Reich wird eine Gymnastin in Deutschland durch ihren Sport nicht. Für die beiden deutschen Einzelstarterinnen Laura Jung und Jana Berezko-Marggrander zählt in dieser Woche dennoch nur die Rhythmische Sportgymnastik und der Erfolg bei der WM in Stuttgart.

Stuttgart - So haben die beiden die Porsche-Arena noch nie gesehen. In der Mitte eine Turnmatte mit einer blauen Umrandung, drum herum Sitzplätze für 5000 Zuschauer und an der Wand ein riesiges WM-Plakat. „Wahnsinn, wie groß die Halle wirkt“, staunt Jana Berezko-Marggrander. „Wir sind einfach begeistert“, ergänzt Laura Jung. An diesem Montag beginnt die Weltmeisterschaft in der Rhythmischen Sportgymnastik in Stuttgart und die beiden deutschen Einzelstarterinnen haben ein großes Ziel: Die Qualifikation für die Olympischen Spiele 2016. Das gehen sie jedoch völlig unterschiedlich an. Eine Übersicht:

Jana Berezko-Marggrander:

In ihrem Leben musste die 19-Jährige schon einige Herausforderungen meistern. Zum Beispiel 2007, als sie aus dem russischen Toljatti nach Deutschland kam. Schnell zog sie ins Internat nach Fellbach-Schmiden. Ohne Eltern, ohne Deutsch zu sprechen. „Das war eine harte Zeit“, erzählt sie. Sie hat es hinbekommen. Genauso wie ihre Grundausbildung bei der Bundeswehr. Seit ein paar Monaten ist Berezko-Marggrander Sportsoldatin. „Das haben mir nicht viele zugetraut.“ Ein bisschen Stolz schwingt mit, wenn sie davon spricht.
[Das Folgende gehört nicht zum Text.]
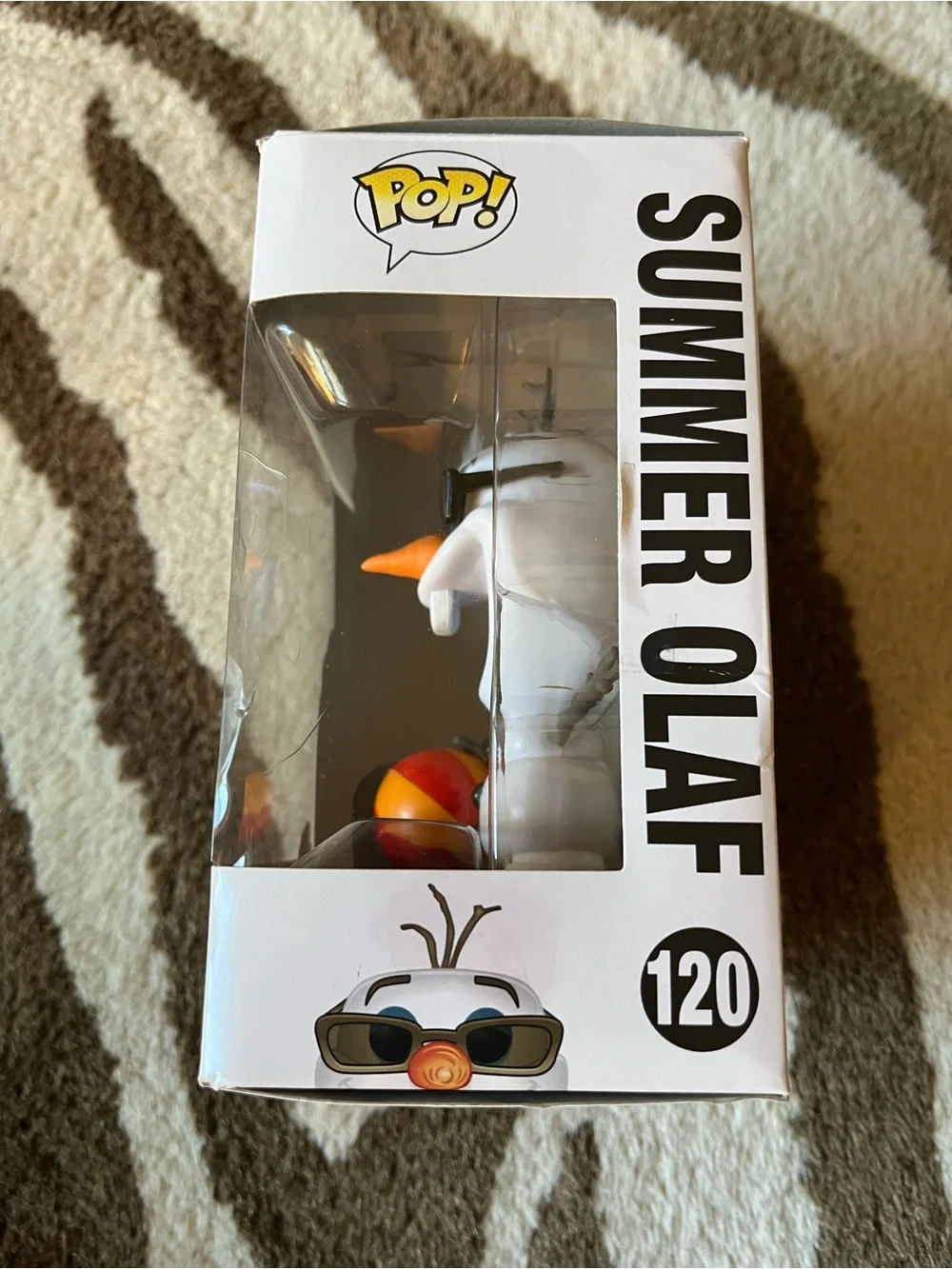 Funko Summer Olaf Vinyl Figure Frozen - Picture 5 of 7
Erste-Hilfe-Kurs, Schießausbildung und Märsche über 15 bis 20 Kilometer. Mit Rucksäcken, die 15 Kilogramm und mehr wiegen. „Das war das härteste für mich“, sagt Berezko-Marggrander, die vor Wettkämpfen selbst nur 52 Kilogramm auf die Waage bringt. Auch das hat sie geschafft. Und sie kann sich sogar vorstellen bei der Bundeswehr zu bleiben. „Dort hat man gute Möglichkeiten, was Ausbildung und Studium betrifft“, sagt sie. Doch eigentlich will sie noch gar nicht daran denken, wie lange sie noch auf der Turnmatte stehen wird. Denn zunächst zählt nur die Heim-WM in Stuttgart und die Qualifikation für die Olympischen Spiele in einem Jahr in Rio.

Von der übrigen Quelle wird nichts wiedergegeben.